Exercise details.
Find "Valentino Garavani Men" and "Toyota Fortuner SR5 2009 Plateado Bogotá" in the records below. Copy the lines holding them and every line between, exactly, and no others.

Records from a dataset:
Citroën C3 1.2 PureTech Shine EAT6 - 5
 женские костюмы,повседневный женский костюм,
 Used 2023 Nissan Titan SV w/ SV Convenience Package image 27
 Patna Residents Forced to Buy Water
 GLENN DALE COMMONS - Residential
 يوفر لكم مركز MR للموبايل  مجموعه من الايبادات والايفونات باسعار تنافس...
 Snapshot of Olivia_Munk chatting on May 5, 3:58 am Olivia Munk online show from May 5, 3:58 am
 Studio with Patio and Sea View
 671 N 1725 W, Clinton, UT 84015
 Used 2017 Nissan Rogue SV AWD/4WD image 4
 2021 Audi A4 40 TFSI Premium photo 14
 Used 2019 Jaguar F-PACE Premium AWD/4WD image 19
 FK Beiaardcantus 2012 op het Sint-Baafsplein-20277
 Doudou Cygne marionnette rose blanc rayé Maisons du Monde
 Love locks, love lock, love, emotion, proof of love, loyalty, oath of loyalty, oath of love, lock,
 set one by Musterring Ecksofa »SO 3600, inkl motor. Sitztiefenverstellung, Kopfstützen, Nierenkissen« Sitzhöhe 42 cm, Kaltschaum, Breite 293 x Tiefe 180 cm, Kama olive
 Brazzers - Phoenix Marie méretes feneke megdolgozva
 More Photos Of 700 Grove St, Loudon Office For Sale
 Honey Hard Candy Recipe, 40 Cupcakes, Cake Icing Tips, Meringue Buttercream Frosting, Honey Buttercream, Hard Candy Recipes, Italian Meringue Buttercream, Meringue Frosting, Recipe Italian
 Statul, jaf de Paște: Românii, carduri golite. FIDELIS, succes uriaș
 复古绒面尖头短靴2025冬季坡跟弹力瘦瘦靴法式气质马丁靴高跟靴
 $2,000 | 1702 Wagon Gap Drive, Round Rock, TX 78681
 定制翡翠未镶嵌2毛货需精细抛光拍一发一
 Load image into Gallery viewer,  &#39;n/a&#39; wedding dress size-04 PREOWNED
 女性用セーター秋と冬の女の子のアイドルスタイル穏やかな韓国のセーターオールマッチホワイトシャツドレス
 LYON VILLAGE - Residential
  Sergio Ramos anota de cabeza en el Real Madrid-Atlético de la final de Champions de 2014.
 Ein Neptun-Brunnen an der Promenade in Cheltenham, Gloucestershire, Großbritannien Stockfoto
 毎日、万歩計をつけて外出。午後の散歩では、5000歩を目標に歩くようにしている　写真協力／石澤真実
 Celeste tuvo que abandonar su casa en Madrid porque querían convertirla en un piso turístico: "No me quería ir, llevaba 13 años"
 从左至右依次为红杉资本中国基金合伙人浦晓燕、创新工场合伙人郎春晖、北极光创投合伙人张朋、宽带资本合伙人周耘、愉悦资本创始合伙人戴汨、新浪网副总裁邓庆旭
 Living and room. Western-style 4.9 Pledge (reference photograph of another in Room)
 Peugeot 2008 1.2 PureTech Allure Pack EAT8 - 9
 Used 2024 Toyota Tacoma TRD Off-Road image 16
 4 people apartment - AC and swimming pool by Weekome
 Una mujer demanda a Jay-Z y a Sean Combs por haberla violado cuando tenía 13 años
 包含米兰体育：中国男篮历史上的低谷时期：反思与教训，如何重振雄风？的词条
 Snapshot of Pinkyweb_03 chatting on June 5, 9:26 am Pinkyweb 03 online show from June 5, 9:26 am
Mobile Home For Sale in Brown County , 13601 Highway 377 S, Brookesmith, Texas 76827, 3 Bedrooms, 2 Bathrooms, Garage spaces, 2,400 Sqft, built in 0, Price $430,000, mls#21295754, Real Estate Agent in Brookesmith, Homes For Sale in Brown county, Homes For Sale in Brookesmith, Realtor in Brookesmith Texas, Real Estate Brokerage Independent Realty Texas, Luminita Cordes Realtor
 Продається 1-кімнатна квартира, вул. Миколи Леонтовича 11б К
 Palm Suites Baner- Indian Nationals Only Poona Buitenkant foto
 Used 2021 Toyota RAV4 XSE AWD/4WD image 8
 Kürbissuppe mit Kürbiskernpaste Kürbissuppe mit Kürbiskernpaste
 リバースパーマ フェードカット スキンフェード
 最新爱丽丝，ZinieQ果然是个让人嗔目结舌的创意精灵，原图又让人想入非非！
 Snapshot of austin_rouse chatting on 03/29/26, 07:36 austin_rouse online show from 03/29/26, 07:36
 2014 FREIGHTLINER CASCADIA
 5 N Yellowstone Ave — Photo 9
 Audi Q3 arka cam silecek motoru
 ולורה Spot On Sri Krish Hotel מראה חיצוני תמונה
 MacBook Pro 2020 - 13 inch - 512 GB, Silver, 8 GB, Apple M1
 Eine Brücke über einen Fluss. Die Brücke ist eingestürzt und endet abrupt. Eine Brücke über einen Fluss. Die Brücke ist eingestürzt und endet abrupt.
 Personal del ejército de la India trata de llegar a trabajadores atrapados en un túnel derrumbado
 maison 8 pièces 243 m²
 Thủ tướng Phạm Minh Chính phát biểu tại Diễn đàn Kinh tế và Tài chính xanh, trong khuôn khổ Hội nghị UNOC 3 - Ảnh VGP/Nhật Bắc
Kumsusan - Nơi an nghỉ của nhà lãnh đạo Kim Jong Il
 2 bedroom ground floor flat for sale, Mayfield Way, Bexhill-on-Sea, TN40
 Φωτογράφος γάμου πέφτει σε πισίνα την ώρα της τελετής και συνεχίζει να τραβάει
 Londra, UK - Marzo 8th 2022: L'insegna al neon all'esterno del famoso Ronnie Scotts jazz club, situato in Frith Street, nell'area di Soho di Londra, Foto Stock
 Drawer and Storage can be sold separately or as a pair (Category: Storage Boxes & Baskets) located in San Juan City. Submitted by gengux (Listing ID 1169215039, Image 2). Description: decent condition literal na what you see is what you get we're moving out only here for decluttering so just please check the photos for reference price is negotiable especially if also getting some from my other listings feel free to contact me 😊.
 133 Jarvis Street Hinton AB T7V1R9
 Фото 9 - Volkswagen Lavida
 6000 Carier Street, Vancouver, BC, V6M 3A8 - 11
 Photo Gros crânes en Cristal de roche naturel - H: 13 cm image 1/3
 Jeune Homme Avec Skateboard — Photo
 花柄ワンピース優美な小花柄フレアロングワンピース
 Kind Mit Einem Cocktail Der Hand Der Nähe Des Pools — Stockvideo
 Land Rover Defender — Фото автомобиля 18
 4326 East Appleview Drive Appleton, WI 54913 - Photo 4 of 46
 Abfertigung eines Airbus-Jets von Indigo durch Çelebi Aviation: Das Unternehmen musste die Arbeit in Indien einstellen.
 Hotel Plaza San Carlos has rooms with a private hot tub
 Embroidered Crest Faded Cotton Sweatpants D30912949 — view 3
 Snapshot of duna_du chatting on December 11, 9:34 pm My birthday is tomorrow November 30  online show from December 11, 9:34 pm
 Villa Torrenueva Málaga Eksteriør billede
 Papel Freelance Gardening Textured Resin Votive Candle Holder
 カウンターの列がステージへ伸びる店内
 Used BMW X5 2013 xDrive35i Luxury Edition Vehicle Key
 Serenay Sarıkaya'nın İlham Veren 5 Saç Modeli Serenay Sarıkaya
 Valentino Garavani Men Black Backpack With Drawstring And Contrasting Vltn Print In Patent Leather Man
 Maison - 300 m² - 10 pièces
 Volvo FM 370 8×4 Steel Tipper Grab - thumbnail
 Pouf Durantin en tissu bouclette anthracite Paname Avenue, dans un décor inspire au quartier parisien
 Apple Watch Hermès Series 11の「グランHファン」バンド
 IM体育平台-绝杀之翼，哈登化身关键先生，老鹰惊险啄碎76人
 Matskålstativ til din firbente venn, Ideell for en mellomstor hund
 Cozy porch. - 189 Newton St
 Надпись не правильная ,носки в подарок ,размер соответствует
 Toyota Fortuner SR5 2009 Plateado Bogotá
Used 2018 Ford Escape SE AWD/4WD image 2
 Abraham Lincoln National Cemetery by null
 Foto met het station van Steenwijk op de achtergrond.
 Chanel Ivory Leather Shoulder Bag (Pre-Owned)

Result.
 Valentino Garavani Men Black Backpack With Drawstring And Contrasting Vltn Print In Patent Leather Man
 Maison - 300 m² - 10 pièces
 Volvo FM 370 8×4 Steel Tipper Grab - thumbnail
 Pouf Durantin en tissu bouclette anthracite Paname Avenue, dans un décor inspire au quartier parisien
 Apple Watch Hermès Series 11の「グランHファン」バンド
 IM体育平台-绝杀之翼，哈登化身关键先生，老鹰惊险啄碎76人
 Matskålstativ til din firbente venn, Ideell for en mellomstor hund
 Cozy porch. - 189 Newton St
 Надпись не правильная ,носки в подарок ,размер соответствует
 Toyota Fortuner SR5 2009 Plateado Bogotá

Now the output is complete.